APM session username/password vars not copied in from iRule? Not showing in session report, and auth always fails

Thank you, Amit - adding the "ACCESS::restrict_irule_events disable" didn't have any effect (in and of itself, but I left it in for your 2nd part, just in case).

I think I may be running into security restrictions on setting session.logon.last.password (" target="_blank">discussed here). I did your part 2 (though the HTTP:: vars weren't accessible in ACCESS_POLICY_AGENT_EVENT, so i had to create irule vars in ACCESS_SESSION_STARTED and copied from those). Then in the policy, i have a var assignment agent to copy those session.custom.username/password vars to session.logon.last.username/password. That gets me farther - the LocalDB auth agent at least checks the correct userid now. BUT - the password value appears not to have assigned. The password check always fails.

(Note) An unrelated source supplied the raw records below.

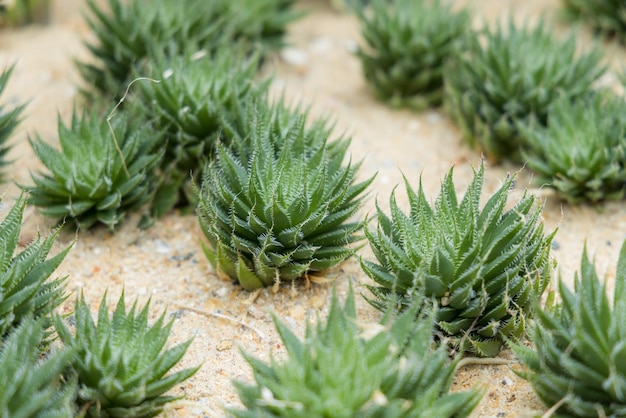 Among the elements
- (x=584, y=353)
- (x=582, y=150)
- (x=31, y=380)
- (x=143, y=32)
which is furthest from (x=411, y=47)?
(x=31, y=380)

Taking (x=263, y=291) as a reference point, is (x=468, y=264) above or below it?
above

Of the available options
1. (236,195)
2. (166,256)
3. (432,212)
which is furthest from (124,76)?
(432,212)

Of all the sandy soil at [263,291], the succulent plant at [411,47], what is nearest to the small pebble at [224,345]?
the sandy soil at [263,291]

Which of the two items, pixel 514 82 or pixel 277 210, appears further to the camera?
pixel 514 82

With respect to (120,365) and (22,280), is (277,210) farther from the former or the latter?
(22,280)

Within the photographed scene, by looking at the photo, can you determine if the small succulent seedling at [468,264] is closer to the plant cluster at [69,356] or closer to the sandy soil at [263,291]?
the sandy soil at [263,291]

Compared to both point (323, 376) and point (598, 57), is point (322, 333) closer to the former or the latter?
point (323, 376)

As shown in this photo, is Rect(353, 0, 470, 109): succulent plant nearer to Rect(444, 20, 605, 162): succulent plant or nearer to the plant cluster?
Rect(444, 20, 605, 162): succulent plant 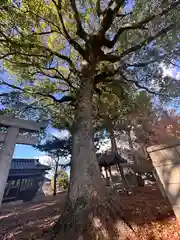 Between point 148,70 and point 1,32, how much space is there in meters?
6.10

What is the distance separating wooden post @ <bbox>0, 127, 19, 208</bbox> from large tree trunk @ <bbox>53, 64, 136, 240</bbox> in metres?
1.25

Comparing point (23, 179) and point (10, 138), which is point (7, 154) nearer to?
point (10, 138)

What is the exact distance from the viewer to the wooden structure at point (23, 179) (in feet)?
50.1

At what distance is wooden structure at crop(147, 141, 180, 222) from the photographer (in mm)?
2607

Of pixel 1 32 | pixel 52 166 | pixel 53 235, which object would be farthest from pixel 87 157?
pixel 52 166

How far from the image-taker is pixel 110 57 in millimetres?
5617

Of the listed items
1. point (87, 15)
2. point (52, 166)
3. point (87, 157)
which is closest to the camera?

In the session report, I get an error msg like:

LOCALDB agent: (logon attempt:0) authenticate with '$CK$8JkcxNSl$6pu1Rjb3KxeNCSl7TmYsdQ==' failed

I'm not sure what that hash is ... but I do know I'm entering the correct password, and in the iRule that password is correctly present in the irule var that I assign to session.custom.password.

Hmm. Did something change in recent versions in session variable security protections or something?